Seorang pria paruh baya nampak sibuk menggoreng puluhan combro dan bala-bala, sembari berbincang dengan salah satu pelanggannya.
"Alhamdulillah laris terus, tidak menghitung jumlahnya berapa tapi ya setiap hari selalu pakai satu jerigen minyak," ujar Deni, pemilik Comro Echo.
![]() |
Sejak tahun 1994, ia berkeliling menggunakan gerobak dari Antapani, Gasibu, hingga kini memiliki warung sendiri di kawasan Lengkong. Deni mengaku tak sengaja menemukan bagasi mobil yang jadi ciri khas dagangannya tersebut.

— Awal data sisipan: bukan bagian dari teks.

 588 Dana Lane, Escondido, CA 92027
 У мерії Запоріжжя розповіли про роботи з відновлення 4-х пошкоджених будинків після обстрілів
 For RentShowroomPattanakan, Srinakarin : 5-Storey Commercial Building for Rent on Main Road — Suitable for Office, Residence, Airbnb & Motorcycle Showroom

"Ini dulu cuma nemu rongsokan aja, terus ide kayanya bisa buat gerobak gorengan gitu. Nah, dulu bagasi ini setiap hari minggu suka ditarik jualan ke Taman Gasibu," cerita pria 61 tahun itu.
"Sekarang udah enggak pernah, gara-gara di Gasibu enggak boleh ada yang dagang. Jadi akhirnya sekarang bagasi mobil ini disemen aja, jualannya di sini terus sama di Moh.Toha ada pake gerobak," ujarnya menambahkan.

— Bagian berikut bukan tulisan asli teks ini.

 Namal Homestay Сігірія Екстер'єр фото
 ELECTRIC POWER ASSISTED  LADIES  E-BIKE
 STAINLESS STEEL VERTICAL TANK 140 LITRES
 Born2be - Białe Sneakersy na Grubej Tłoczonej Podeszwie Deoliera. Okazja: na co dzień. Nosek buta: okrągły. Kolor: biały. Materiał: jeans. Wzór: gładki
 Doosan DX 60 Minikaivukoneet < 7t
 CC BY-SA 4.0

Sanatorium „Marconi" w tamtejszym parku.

Dagangannya selalu laris dan dirindukan oleh banyak orang. Comro Echo dikenal dengan adonan gorengan yang renyah, wangi, dan gurih. Salah satunya Denden (69) yang jauh-jauh dari Lembang karena merindukan comro buatan Deni.
"Saya udah kesini berkali-kali, malah ini tiga hari berturut-turut naik ojek kesini. Gorengannya enak pisan, bisa renyah dan gurih. Saya suka gorengan tapi di sini mah rasanya beda, ini selalu bungkus buat di rumah," tutur Denden.
Denden memilih sendiri gorengan yang diinginkan dari bagasi mobil Comro Echo. Sesekali, ia memakan langsung combro pedas buatan Deni.
![]() |
Comro baru saja ditiriskan dari minyak panas, sehingga masih nampak uap hangat dan terdengar renyah. Bagasi tersebut menampung combro pedas, combro sedang, tahu isi, bala-bala, dan pisang goreng dengan harga satuan Rp 2.000.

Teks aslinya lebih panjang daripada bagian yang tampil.